Royall Tyler (1757-1826) is considered the most important Vermont writer of the Federalist era. In 1801, Tyler and his wife Mary moved to Brattleboro, living on a farm in the West Village and then in a house on the Town Common. A Harvard graduate, he became a lawyer, and State’s Attorney for Windham County He then served on the Vermont Supreme Court, including several terms as Chief Justice. In addition to court opinions, Royall Tyler wrote prolifically, his verse and prose pieces published in many newspapers. His comedic play, The Contrast, was staged in New York City in 1787 as part of inauguration festivities for George Washington, who attended the performance. He also penned one of America’s first novels, The Algerine Captive: or the Life and Adventures of Doctor Updike Underhill: Six Years a Prisoner among the Algerines, published in 1797. The work makes the argument against slavery, years before the abolitionist movement emerged.

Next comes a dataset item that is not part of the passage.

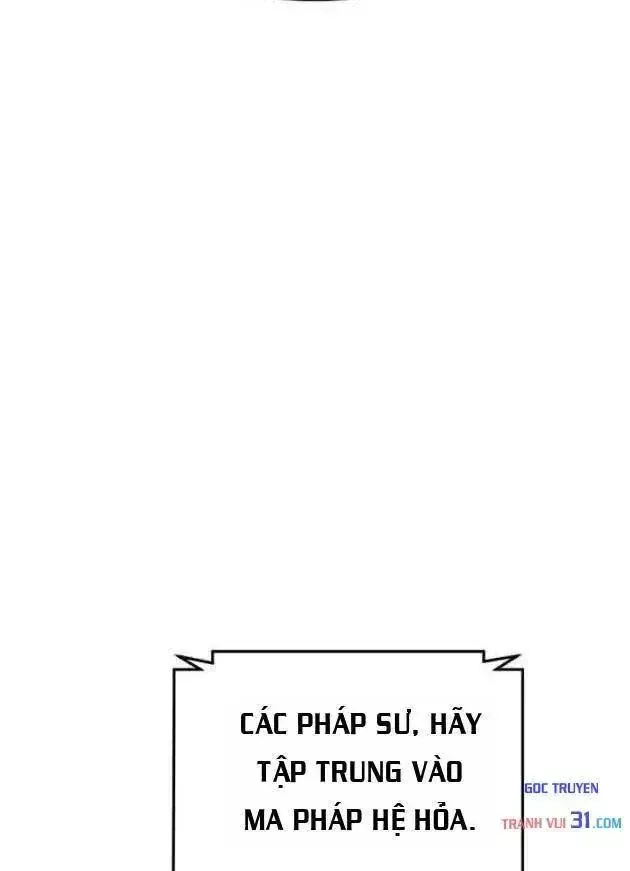 Chapter 37 - Trang 21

Mary Palmer Tyler (1775-1866) had eleven children with Royall. In 1811, she published The Maternal Physician, America’s first child rearing manual. In it, she outlined an expanded role in child rearing for mothers beyond the customary practice of colonial women. Tyler encouraged her upper-class readers to breast feed their babies, and to insist upon the supremacy of their maternal instincts over the authority of male physicians for routine care. Her manual also provided a collection of herbal remedies. Mary’s memoirs were published by her descendants as Grandmother Tyler’s Book in 1925.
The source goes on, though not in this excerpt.